By Dennis Crouch
Following the Supreme Court’s equitable relief decision in eBay, many patentees have found it difficult to obtain injunctive relief to stop ongoing infringement – even after final judgment that the patent is both valid and infringed.
In a recent decision, the District Court Judge Blake (D.Md.) seemingly flipped eBay on its head by enjoining TWi Pharma from making or selling a generic version of Par’s patented Megace ES formulary. The upside-down element of the decision is that the order granting the injunction issued only after the court found the patent claims invalid as obvious. Par Pharma v. TWi Pharma, 1-11-cv-02466 (MDD August 12, 2014, Order). To be clear, the order here is not for permanent relief, but only relates to injunction pending appeal.
The doctrine involving the grant of equitable relief pending appeal is a bit squirrelly – especially at the district court level because the general setup involves the court deciding that its decisions are likely wrong. Recognizing that, the law does not require the moving party to show that its case is a likely winner but only a substantial likelihood that the requested equitable relief will be entered as a result of the appeal. Applying this standard, the district court writes:
Par claims that it will succeed on the merits because this court erred in its application of the law with respect to motivations to combine the prior art and inherency. Although the court stands by its judgment, it recognizes that the case presents a close call.
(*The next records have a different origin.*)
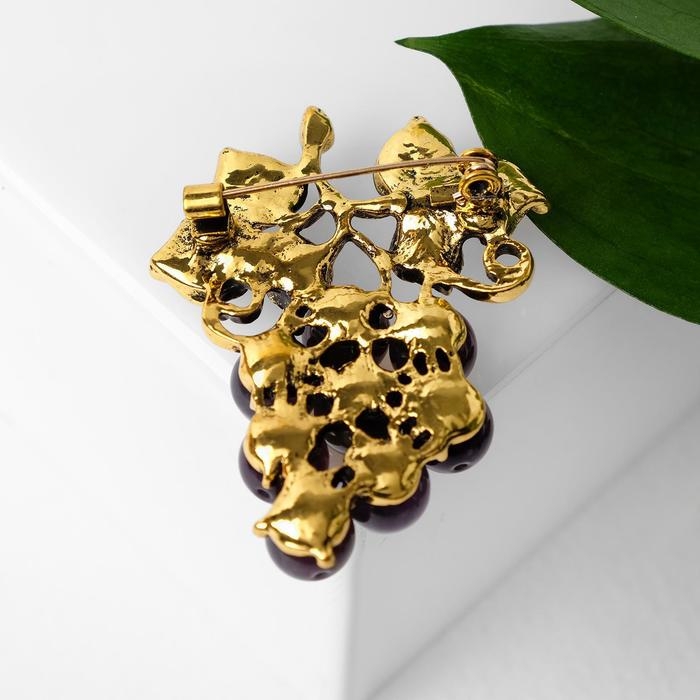 Брошь «Виноград» аметистовый, цвет фиолетово-зелёный в чернёном золоте Брошь «Виноград» аметистовый, цвет фиолетово-зелёный в чернёном золоте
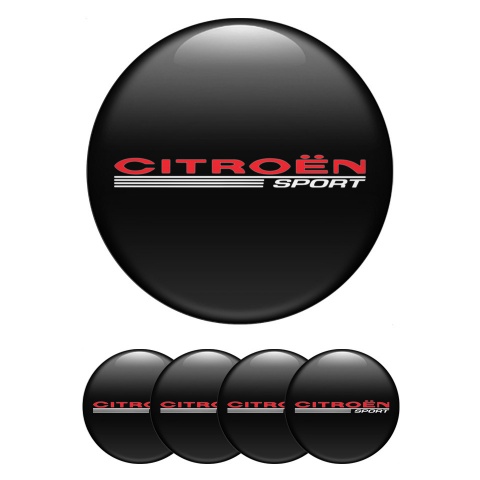 Citroen Sport Silicone Stickers for Center Wheel Caps Black White Motif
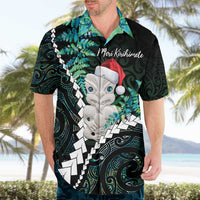 New Zealand Personalised Hawaiian Shirt Meri Kirihimete Kowhaiwhai Mix Paua Shell - Emerald LT7 - Polynesian Pride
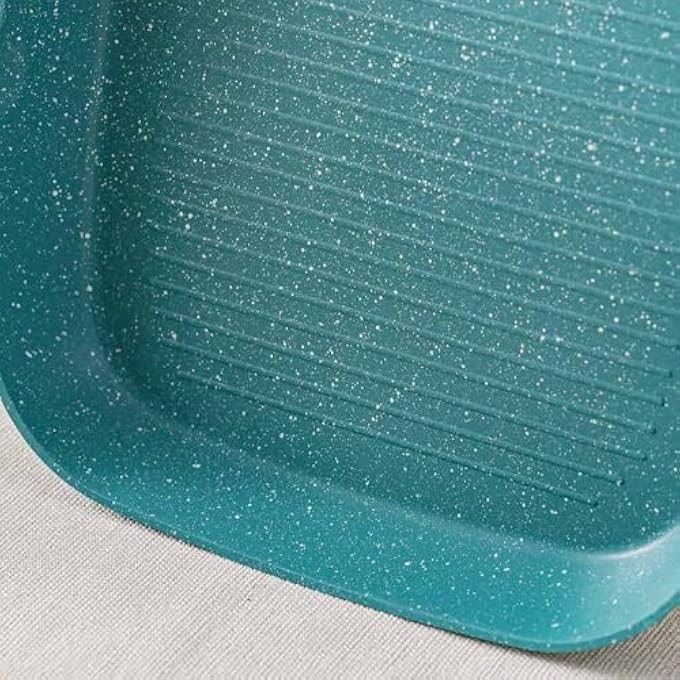 Chef's Delight ChefS Delight Florin Grill Pan With Marble Coating NonStick PfoaFree Cookware For Healthy Grilling Induction  Gas Stove Compatible Kitchen Pan 28X45Cm  Green - Image 2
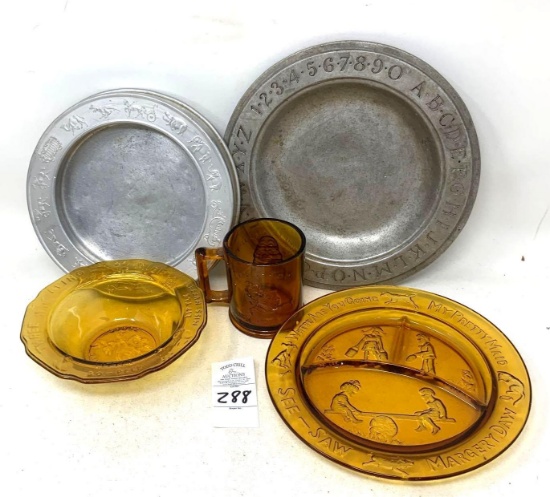 Vintage Childs amber glass plate, bowl, cup and warming tins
Further, the Federal Circuit will conduct a de novo review of whether the ’576 patent is obvious, including whether this court properly interpreted the law regarding motivation and inherency. . . . The court is not persuaded Par has demonstrated a “strong” likelihood of success on appeal—especially given that most of its dispute with this court’s earlier decision is only rehashing the legal arguments it has already made. Par has, however, made a showing of a substantial case.
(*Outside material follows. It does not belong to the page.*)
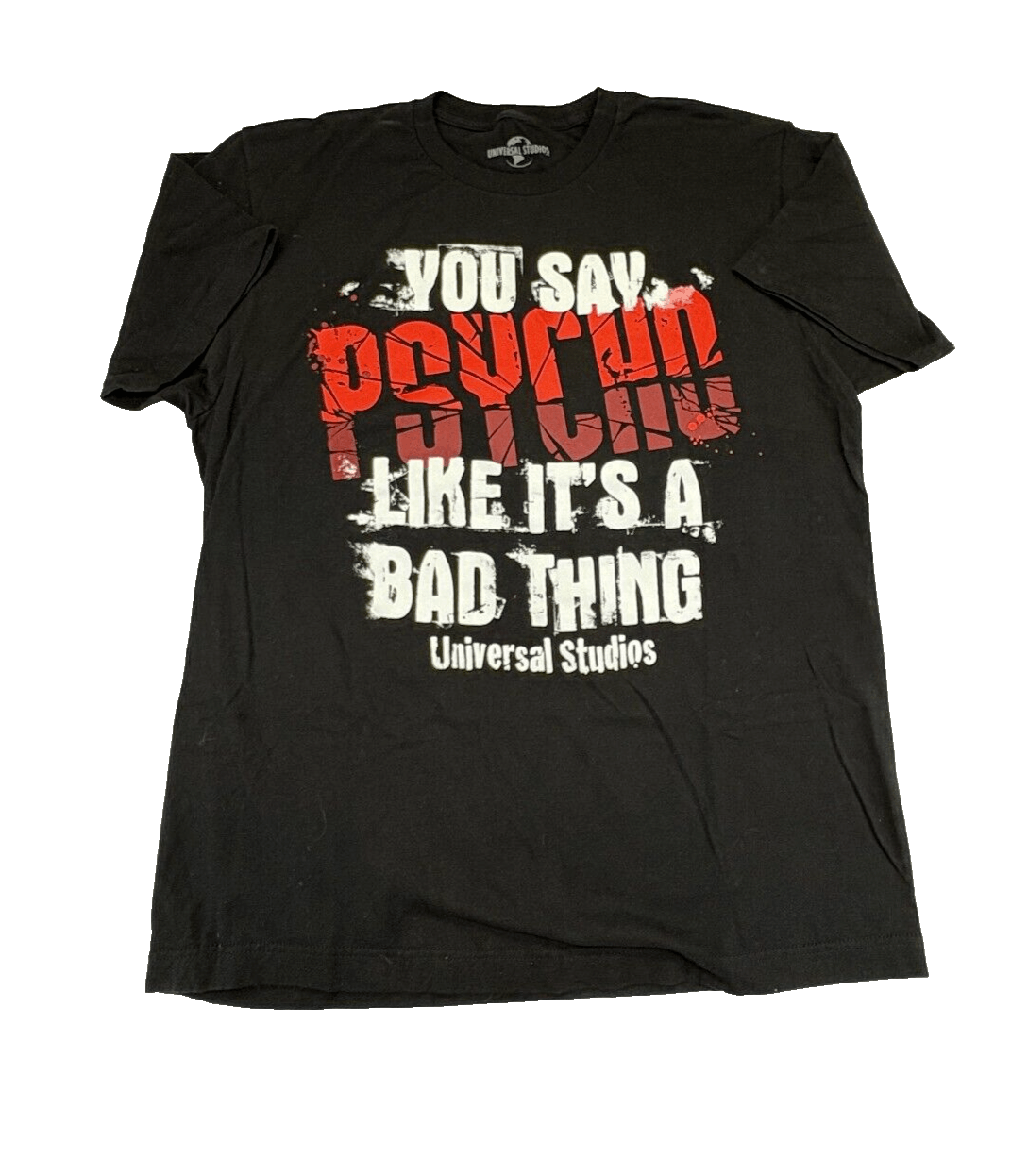 EUC Universal Studios 'You say Psyco Like It's a Bad Thing' T-Shirt Black Large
The district court joined this “substantial case” on appeal with strong evidence of irreparable harm absent relief in its decision to grant the injunction pendente lite.
Regarding the ‘public interest’ element of equitable relief, the court found that element neutral.
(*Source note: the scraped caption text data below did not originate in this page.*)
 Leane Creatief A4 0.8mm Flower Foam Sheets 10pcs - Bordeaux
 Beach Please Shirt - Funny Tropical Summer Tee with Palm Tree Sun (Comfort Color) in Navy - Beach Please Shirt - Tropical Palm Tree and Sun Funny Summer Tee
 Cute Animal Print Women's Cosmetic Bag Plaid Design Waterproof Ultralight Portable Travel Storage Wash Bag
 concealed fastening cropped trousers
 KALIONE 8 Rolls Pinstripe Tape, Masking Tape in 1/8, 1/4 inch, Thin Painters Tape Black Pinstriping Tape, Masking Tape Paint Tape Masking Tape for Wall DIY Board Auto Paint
The court recognizes that the public is served by the availability of low-cost generic medications, especially where an invalid patent has previously barred their entry into the market. On the other hand, the public also has an interest in the protection of valid patents because it promotes innovation. This factor, therefore, is neutral.
An interesting and problematic element of the court’s decision here is that the doctrinal approach makes it easier for a patentee to obtain temporary relief following an adverse final judgment (of invalidity) than prior to such a judgment. The doctrinal difference highlighted by the court between preliminary injunctive relief pending final judgment and post-decision relief pending appeal is simply that the proof of likelihood-of-success is reduced for relief pending appeal. This is obviously problematic because in the second case, the court will have already reached a final judgment that the patentee loses.
In making its decision, the district court applied Federal Circuit precedent regarding relief pending appeal. However, those cases relate generally to the asymmetrical situation of staying-injunctive relief pending appeal rather than, as here, granting injunctive relief pending appeal.
There is a better approach that still recognizes the potential need for injunctive relief pending appeal and that is simply requiring a greater showing of need for relief (irreparable harm; balance of hardships; public interest) when the likelihood-of-success element is reduced.